Loop it Up Savannah began not so much by looking for inspiration from the perfect skeins of yarn on a shop shelf, but more like the good intentions found in the basket of a person able to envision making something beautiful from all the bits left behind.

In the spring of 2008, the Craft Yarn Council of America launched a program to support local causes called Warm Up America. The idea was that knitting and crochet programs be initiated in cities and towns in order to support existing local causes. The companies could provide support, including—not surprisingly—supplies.
Howard Morrison, a community leader in Savannah, Georgia wanted to seize this opportunity. People in Savannah consider Morrison a knitter, for the ways he joins together strands—people and organizations—from the community create stronger fibers for all.
Morrison approached West Broad Street YMCA Director Peter Doliber about starting a knitting and crochet class there. The next question: how to begin? Morrison went to Cayewah Easley, head of the Fiber Department at Savannah College of Art and Design (SCAD). Easley rounded up student volunteers and Morrison recruited volunteers from the Savannah Arts Academy and Senior Citizens, INC.
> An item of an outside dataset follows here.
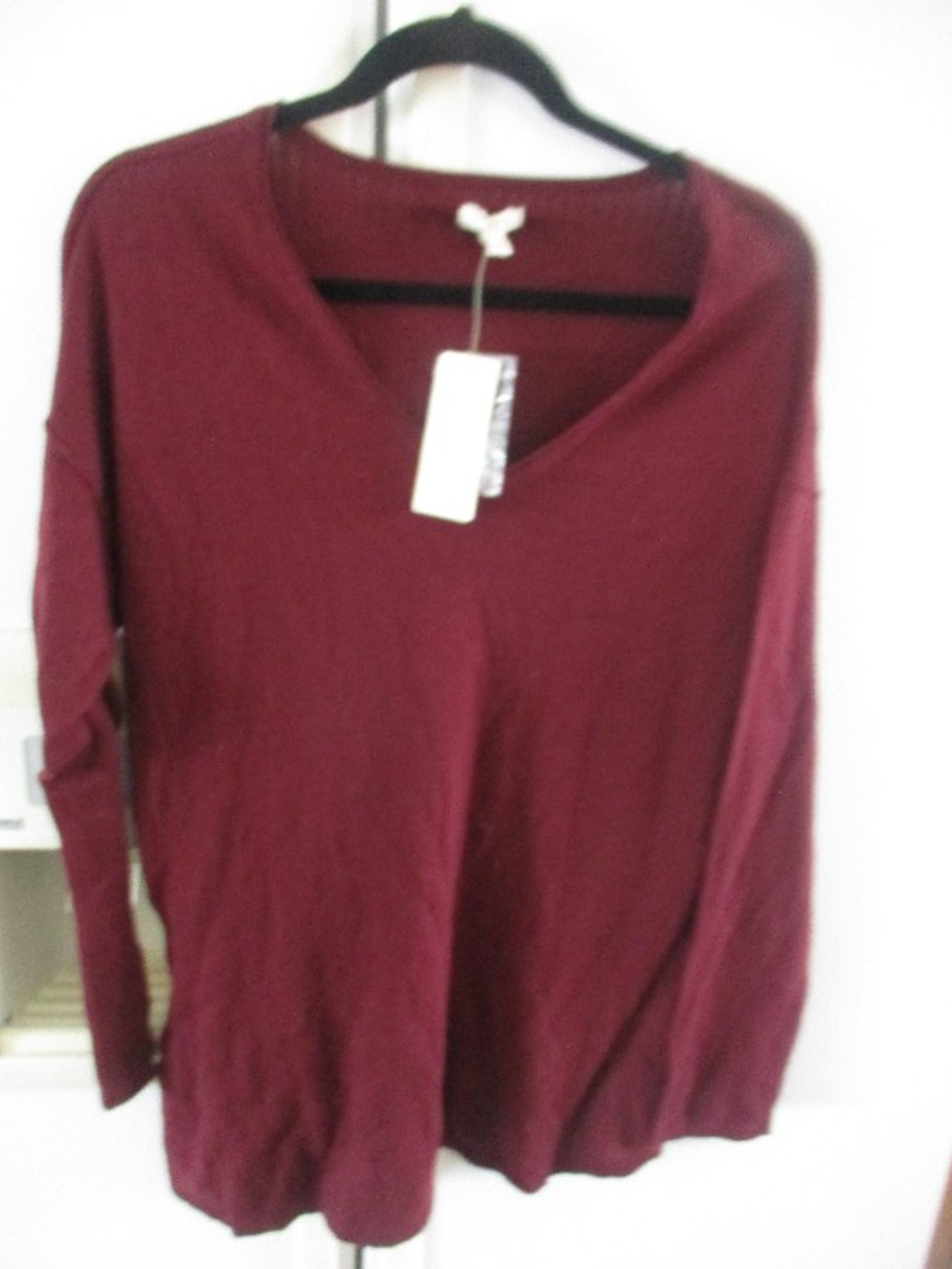 nwt new sonoma wine knit vneck pullover sweater L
The Red Heart Yarn Company and the Craft Yarn Council of America sent yarn, needles, crochet hooks and fabric. The class was launched with ten elementary school-aged kids in a little room tucked away at the Broad Street Y. Molly Lieberman—SCAD student and now one of the program’s leading forces—describes the room as “half-storage, half-office.”
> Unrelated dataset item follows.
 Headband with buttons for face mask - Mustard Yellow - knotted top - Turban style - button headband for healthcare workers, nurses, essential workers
Like the tangle that is real life this endeavor wasn’t quite as simple as casting on and making perfect stitches first try. Lieberman says of those early classes that while some kids were natural knitters, others faced hurdles. Lieberman explains, “Some of these kids had so little exposure to materials of any sort. They’d never held yarn and didn’t really know how to use scissors. Mostly, their art instruction was limited to drawing. They needed a chance to explore as many different kinds of materials as we could provide.” She continues, “Some kids were struggling with the fine motor acuity required to knit. Knitting’s a complicated thing to learn for someone without pretty strong fine motor skills.”
So teachers like Lieberman set out to create projects that could act as introductions to new media—beyond the pencil. For example, says Lieberman, “We had kids do a pencil drawing, a self-portrait, and then put glue where they’d drawn and set yarn on the glue.” She explains, “We wanted to use the familiar, drawing, to pull kids toward becoming more comfortable with something unfamiliar.”
When the group began meeting, the Broad Street YMCA was, according to Lieberman, often “fairly deserted.” Over the past couple of years, the YMCA experienced a great revitalization. Lieberman lists some improvements: “There’s a new roof. There’s air conditioning. The gym’s been renovated. The outdoor pool, which was closed for about ten years, reopened. Home Depot has a special project called KaBOOM Design a Playground that allowed the kids’ ideas to be incorporated in the design of a playground. So, now there’s an amazing playground. The public library put a branch into the building. A group of people started a community garden.” She remarks, “It’s really incredible how much is happening there.”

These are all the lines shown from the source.